In June she visited to South American Atlantic ports, and in July was deployed on the South Shetland Patrol. In early August she began a programme of visits, first calling at Puerto Belgrano, Argentina, then Mar del Plata, before sailing 190 miles up-river to Rosario. She called at Montevideo, Uruguay, before returning to Port Stanley on 8 September. After local patrols and exercises she sailed once again to Argentina in late September, calling at Río Gallegos and Puerto San Julián, returning to Port Stanley on 11 October to prepare to return to Bermuda.
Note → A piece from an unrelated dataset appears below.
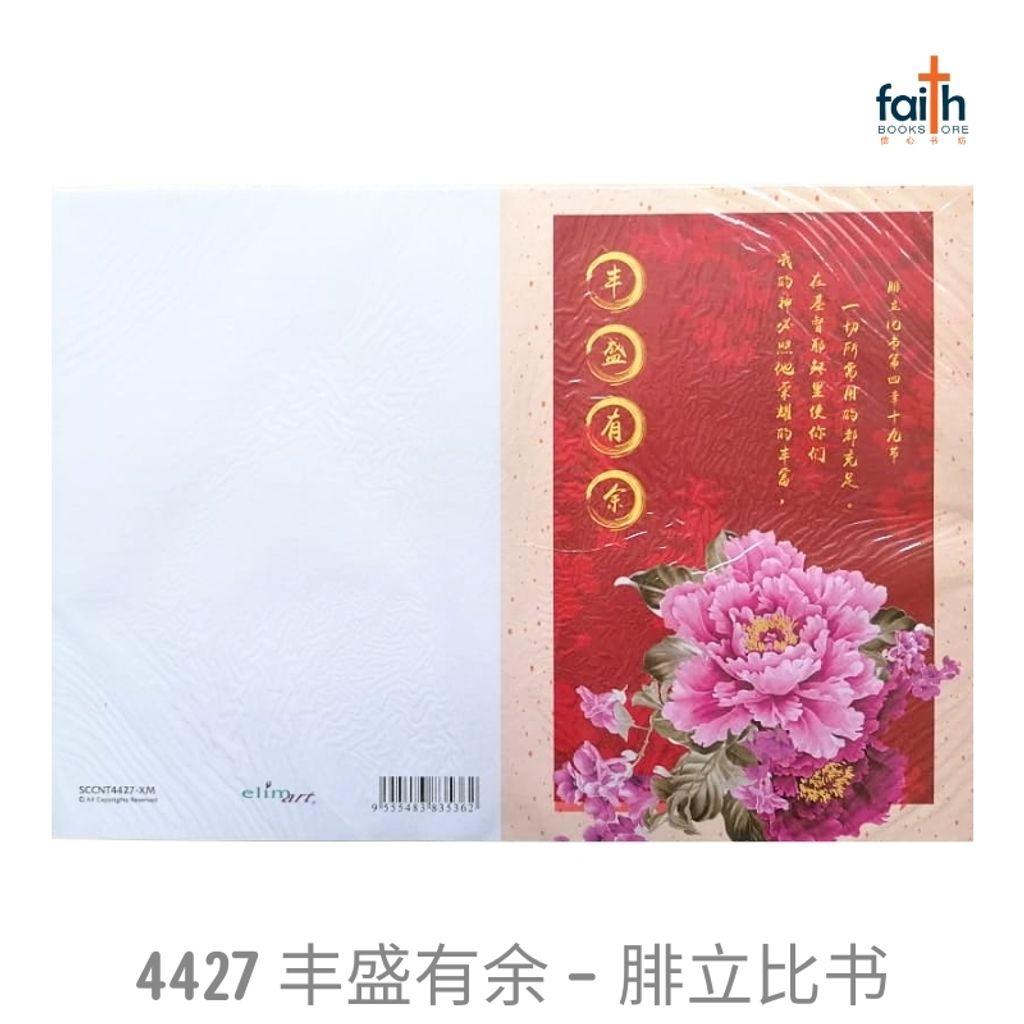malaysia-online-christian-bookstore-faith-book-store-chinese-new-year-bulletins-pack-of-100-sheets-chinese-A4-cny-bulletin-elim-art-SCCNT-4427-XM-丰盛-有-余-腓立比=书-2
The ship left Stanley on 17 October and was at Santos, Brazil, when she received orders to transfer to the South Atlantic.

===South Atlantic Squadron===
Veryan Bay arrived at Simon's Town, South Africa, on 19 November. After a series of visits to East African ports, the ship was nominated for transfer to the Reserve. On 19 January 1957 she sailed for the UK, calling at Lobito in Portuguese West Africa, Boma in the Belgian Congo, and sailed up the Congo River to Matadi. She then called at Libreville in French Equatorial Africa, São Tomé Island in the Gulf of Guinea, Lagos, Nigeria, Monrovia, Liberia, and Freetown, Sierra Leone. Veryan Bay arrived at Plymouth on 11 March, paid-off and was reduced to Reserve status.

===In reserve and disposal===
She remained in the Reserve Fleet at Plymouth and was sold and scrapped on 1 July 1959.